Da mesma forma, a criação e imposição de castas profissionais no fim do século IV nada mais indica do que a necessidade de fazer frente a tendências de desorganização no âmbito econômico.
A antiga ordem imperial, enfim, apesar de todas as medidas de força que tentam impor a coesão, vai cedendo à inevitável desestruturação, a uma desagregação dos elementos que, antes coesos, conformavam a ordem do sistema. Contra tudo isto, o cristianismo, organizado em Igreja e gerando os seus próprios padrões de espacialização política, começa a constituir um sistema paralelo que agrega em dioceses o espaço sociorreligioso propondo uma nova organização administrativa, ora superposta ora desencaixada em relação à administração imperial.
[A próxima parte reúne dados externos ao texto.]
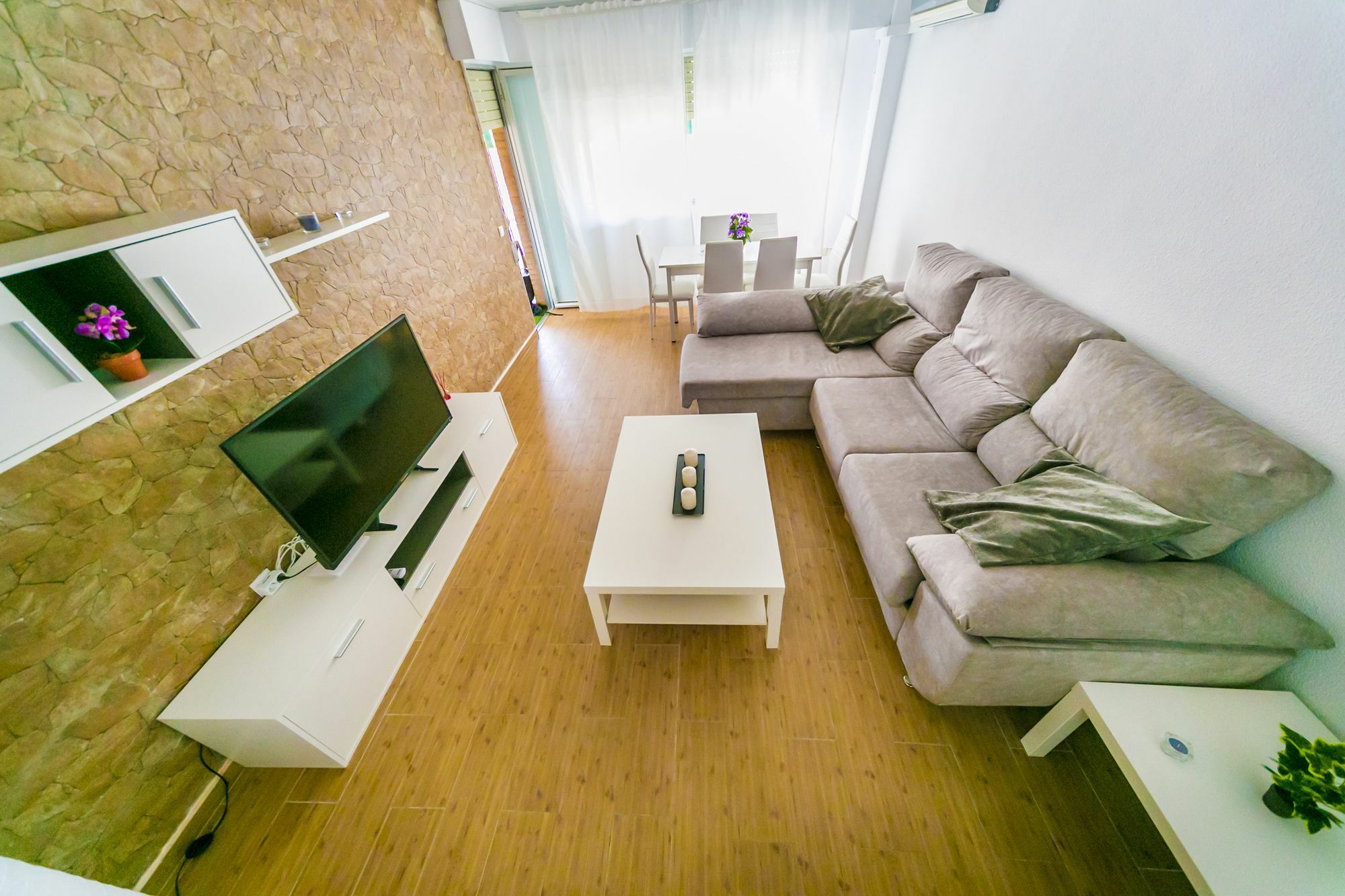 Torrevieja Experience San Julian Appartement Buitenkant foto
Decisivamente, a ideia de universalidade que antes residia no Império vai se deslocando para a Cristandade consolidada institucionalmente na Igreja, e este confronto entre dois projetos universais – na vida política ou imaginária – breve se estenderá pelos séculos posteriores como uma longa reminiscência do jogo de encaixes e desencaixes entre os dois sistemas.
Mas o novo mundo medieval, efetivamente, tenderá a se organizar em torno da Igreja Cristã, o que já representa um novo sistema em construção.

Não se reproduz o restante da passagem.